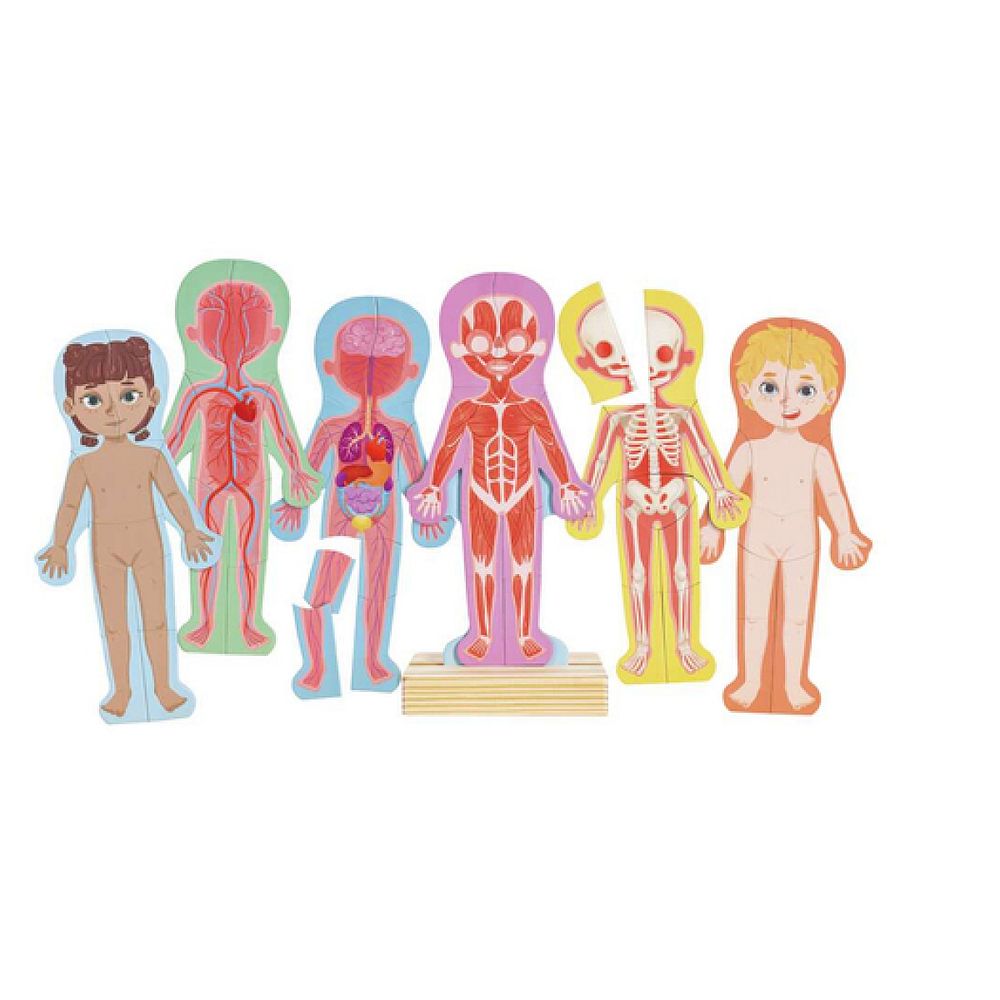 Puzzle aimante - assemble le corps humain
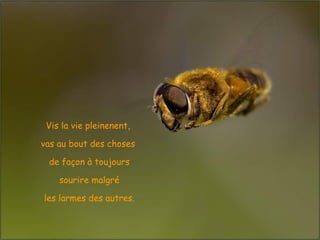 Vis la vie pleinenent,

vas au bout des choses

 de façon à toujours

    sourire malgré

les larmes des autres.
 
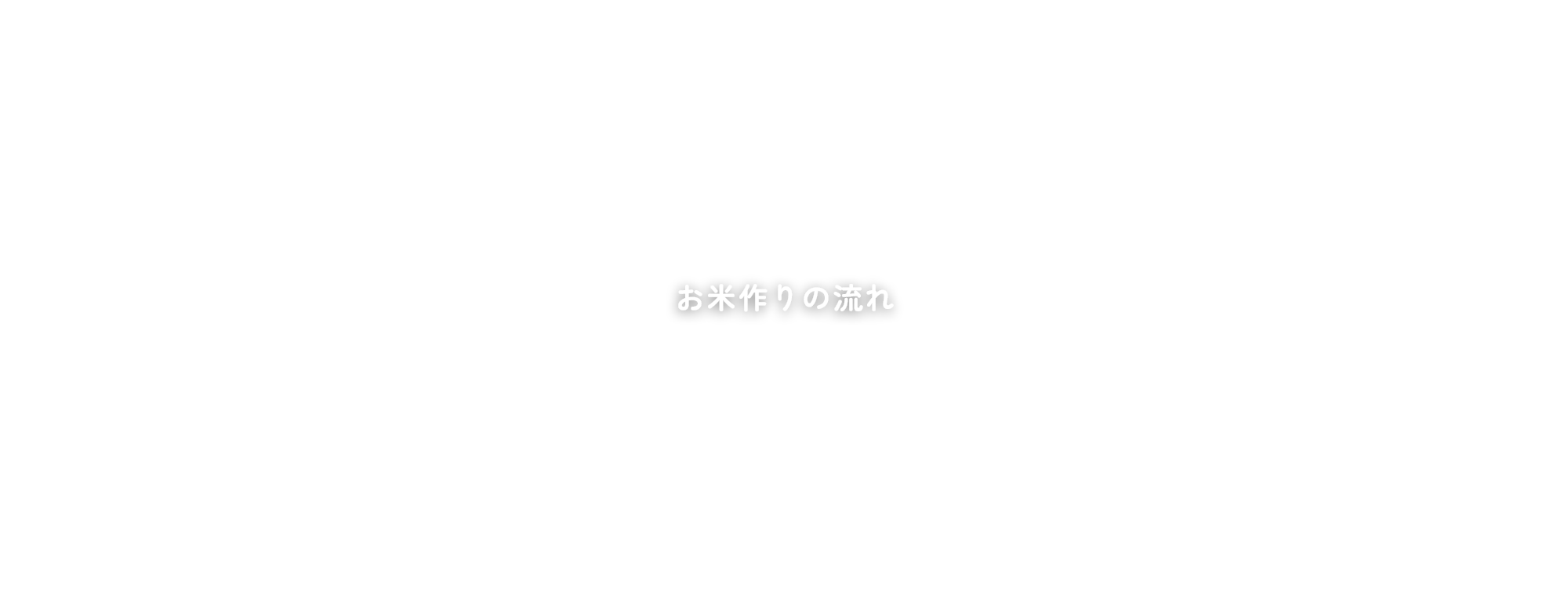 お米作りの流れ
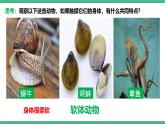 人教版八年级生物上学期  5.1.3《软体动物和节肢动物》课件+素材
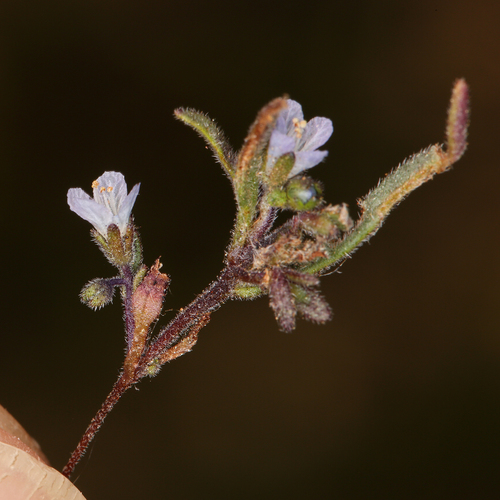 Siskiyou phacelia (Phacelia leonis)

-- TASK PROMPT --
All entries are to be retyped exactly. Omit any embedded images.

-- WRITTEN ANSWER --
 Puzzle aimante - assemble le corps humain
 Vis la vie pleinenent,

vas au bout des choses

 de façon à toujours

    sourire malgré

les larmes des autres.
 
 お米作りの流れ
 人教版八年级生物上学期  5.1.3《软体动物和节肢动物》课件+素材
 Siskiyou phacelia (Phacelia leonis)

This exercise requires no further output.